Prestataires d’Alcatel-Lucent: la CGT dialogue, la direction s’énerve
Une réunion a eu lieu jeudi 25 mars, à 13 heures, Salle des Élus, bâtiment P, dans les locaux d’Alcatel-Lucent à Villarceaux. Elle était programmée par la CGT du site et ses élus dans les SSII, autrement dit les entreprises sous-traitantes du groupe travaillant sur le site.
Le tract destiné aux “salariés prestataires de service” est clair. “Vous êtes salarié prestataire sur le site de Villarceaux dans une société du groupe Alcatel-Lucent, mais soumis à une hiérarchie Alcatel-Lucent. Vos employeurs et les hiérarchies Alcatel-Lucent tentent de vous faire croire que vous êtes corvéable à merci. C’est faux. Vous avez les mêmes droits que tous les salariés. Le code du travail et la convention collective Syntec vous garantissent ces droits. Mais ne comptez pas sur la direction sur la direction d’Alcatel-Lucent pour vous en informer ni sur celle de votre employeur !

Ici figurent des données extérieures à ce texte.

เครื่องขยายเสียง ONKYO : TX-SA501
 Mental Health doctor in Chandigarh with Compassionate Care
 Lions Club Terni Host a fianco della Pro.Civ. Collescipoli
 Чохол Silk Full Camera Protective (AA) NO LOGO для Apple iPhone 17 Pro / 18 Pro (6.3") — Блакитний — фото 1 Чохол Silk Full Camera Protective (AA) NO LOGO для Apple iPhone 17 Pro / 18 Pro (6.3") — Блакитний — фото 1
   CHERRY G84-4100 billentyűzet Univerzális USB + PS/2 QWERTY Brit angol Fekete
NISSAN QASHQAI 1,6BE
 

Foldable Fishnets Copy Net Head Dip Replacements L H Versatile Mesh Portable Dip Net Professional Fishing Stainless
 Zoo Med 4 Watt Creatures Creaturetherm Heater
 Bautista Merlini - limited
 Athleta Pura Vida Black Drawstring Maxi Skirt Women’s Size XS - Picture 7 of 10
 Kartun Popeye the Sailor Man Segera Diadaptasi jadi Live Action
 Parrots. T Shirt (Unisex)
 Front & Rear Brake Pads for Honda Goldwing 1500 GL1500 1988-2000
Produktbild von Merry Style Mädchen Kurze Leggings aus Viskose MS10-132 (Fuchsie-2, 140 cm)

La CGT a vocation de rassembler et défendre tous les salariés, prestataires inclus. Heures supplémentaires à gogo, frais kilométriques, prise des congés, droit d’embauche par Alcatel-Lucent après 18 mois sur le site, non-renouvellement de contrat, accès aux oeuvres sociales locales, droit de vote aux élections professionnelles de l’entreprise donneuse d’ordres… Ces sujets vous préoccupent ? Nous aussi”. Et d’appeler à la réunion du 25 mars.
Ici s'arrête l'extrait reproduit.